Kendall Coffey said this year’s election mess in Florida reminded him of the election in 2000.
That was the year Al Gore ran against George W. Bush, the latter winning by a narrow margin of 271 electoral votes to Gore’s 266. The election was wrought with a particular amount of controversy after Bush was awarded Florida’s electoral votes by a lead of just a few hundred votes. After recounts, the original total was upheld and Bush was awarded the presidency.
Coffey was on the team of attorneys who represented Al Gore in the ensuing lawsuits to do the recount by hand instead of by machine. This year, Florida election officials were up into the early hours of Wednesday morning tallying votes.
“There’s no hanging chads or butterfly ballots, but there’s still a question mark looming over the map of Florida,” said Coffey. “As I was watching the news around 2:30 this morning, I looked at a map with blue, red, and then there was one state that was none of the above, and it was Florida. That part is déjà vu again.”
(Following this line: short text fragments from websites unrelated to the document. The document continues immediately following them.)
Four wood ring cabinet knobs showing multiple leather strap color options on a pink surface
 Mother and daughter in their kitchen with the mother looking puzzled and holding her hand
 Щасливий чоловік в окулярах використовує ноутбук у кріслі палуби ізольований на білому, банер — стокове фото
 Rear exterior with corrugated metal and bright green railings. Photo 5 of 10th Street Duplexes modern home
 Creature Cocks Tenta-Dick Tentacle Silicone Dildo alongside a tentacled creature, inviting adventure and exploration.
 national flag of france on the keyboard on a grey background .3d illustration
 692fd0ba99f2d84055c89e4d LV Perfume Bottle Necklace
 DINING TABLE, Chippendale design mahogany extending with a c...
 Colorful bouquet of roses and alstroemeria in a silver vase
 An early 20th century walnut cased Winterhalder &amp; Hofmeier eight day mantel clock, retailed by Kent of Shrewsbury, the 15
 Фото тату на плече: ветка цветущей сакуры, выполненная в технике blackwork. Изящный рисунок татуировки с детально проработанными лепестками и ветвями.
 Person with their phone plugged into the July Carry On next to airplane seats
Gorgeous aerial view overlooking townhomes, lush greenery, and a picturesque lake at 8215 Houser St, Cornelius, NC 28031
But there wasn’t nearly as much controversy surrounding Florida this year, despite the lateness of their results. “The giant dissimilarity is Florida became irrelevant rather than a decider of history,” Coffey said. President Obama reached the winning number of electoral votes well before Florida finished its official count.
This year’s slow process was due in part to the large volume of absentee ballots sent in. In Brevard County, for example, nearly a third of all votes were absentee ballots, about 91,000 –each of which is carefully examined by hand by multiple elections office staff members to assure they are valid before putting them in the vote-scanning machine.
Coffey, among others in Florida, is calling for change in Florida’s voting system with the hope that a reorganization could help expedite the process in the future and make it less frustrating for voters, officials, and the rest of the country.